Dalle RegioniSicilia

Elezioni, in Sicilia il 4 e il 5 ottobre si voterà in 62 comuni

Alle urne oltre 810mila cittadini.

Saranno oltre 810 mila i siciliani che domenica 4 e lunedì 5 ottobre saranno chiamati alle urne per eleggere gli amministratori di 62 comuni siciliani.

A deciderlo, su proposta dell’assessore alle Autonomie locali, Bernardette Grasso, è stato il governo regionale guidato da Nello Musumeci.

Si voterà dalle 7 alle 22 di domenica e dalle 7 alle 14 del lunedì. Lo scrutinio delle schede si terrà immediatamente dopo la conclusione delle votazioni. La costituzione dell’Ufficio elettorale, nei vari seggi, avverrà il sabato pomeriggio. L’eventuale ballottaggio è fissato per il 18 ottobre.

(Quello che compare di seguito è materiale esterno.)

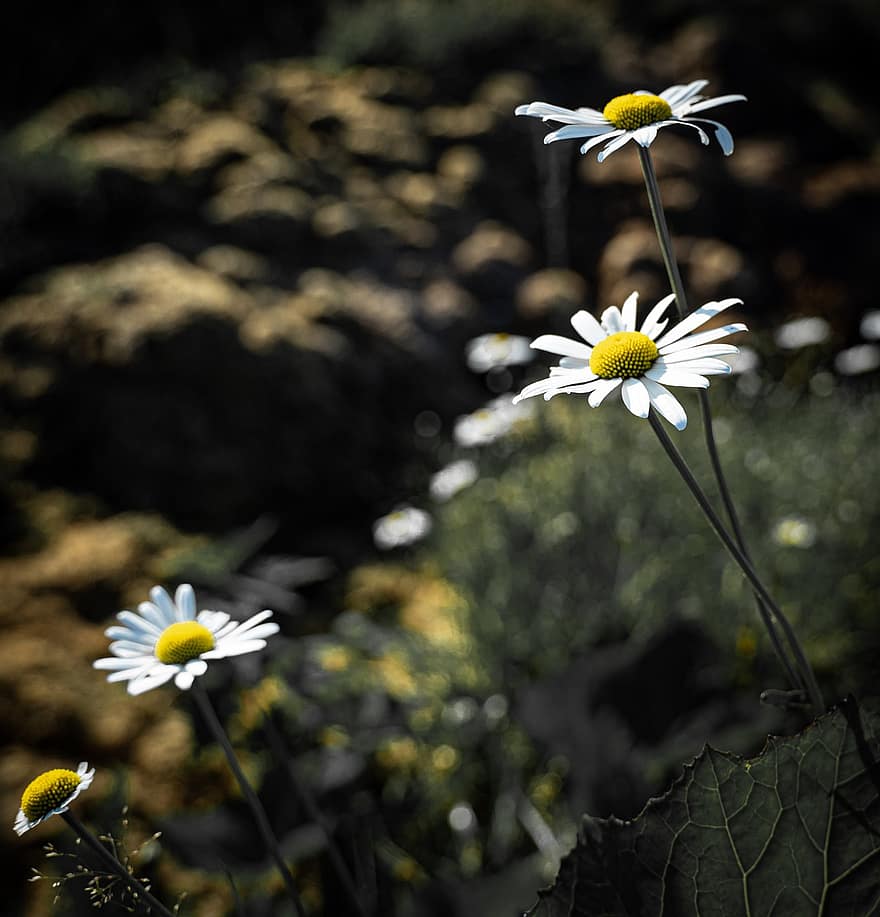 Daisies, White Flowers, Wildflowers, Nature, flower, daisy, summer, plant, yellow, petal, close-up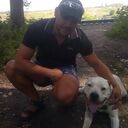 ���������� ������, ���� ������� ������, 38 ���, ������������ ��� ������, ����� � ���������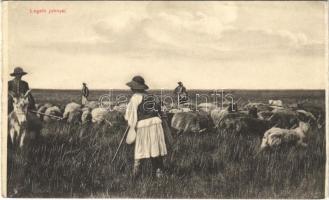 Hortobágy, legelő juhnyáj, magyar folklór. Képeslapfüzetből (non PC) (szakadás / tear)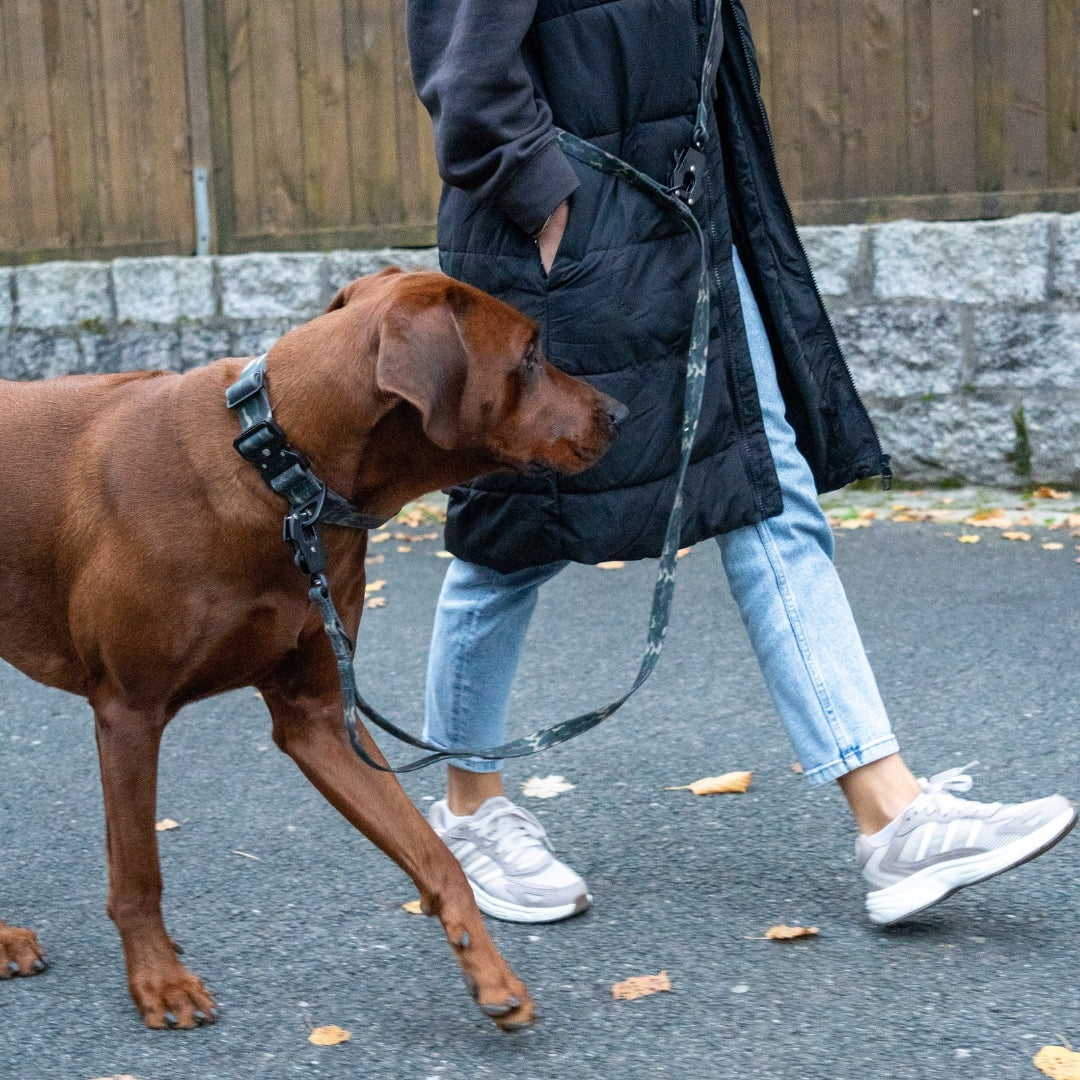 Führleine WOOFLEX® Tactical verstellbar Woodland Camo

Unici capoluoghi di provincia che andranno alle urne sono Agrigento ed Enna. Oltre che nei Comuni il cui rinnovo degli organi amministrativi era già fissato per scadenza naturale (52 enti), si voterà anticipatamente anche a Casteltermini, in provincia di Agrigento, San Pietro Clarenza, nel Catanese, Partinico e Termini Imerese, in provincia di Palermo, e Floridia. Nel Siracusano, attualmente commissariati, a Camastra e San Biagio Platani, nell’Agrigentino, Bompensiere, in provincia di Caltanissetta, Trecastagni, nel Catanese, e Vittoria, in provincia di Ragusa, sciolti in precedenza per mafia dal Consiglio dei ministri. Tra i Comuni più grandi coinvolti, oltre ai due capoluoghi, ci sono: Marsala, nel Trapanese, Barcellona e Milazzo, in provincia di Messina, Carini e Partinico, nel Palermitano, Augusta, in provincia di Siracusa, e Vittoria, nel Ragusano (GV).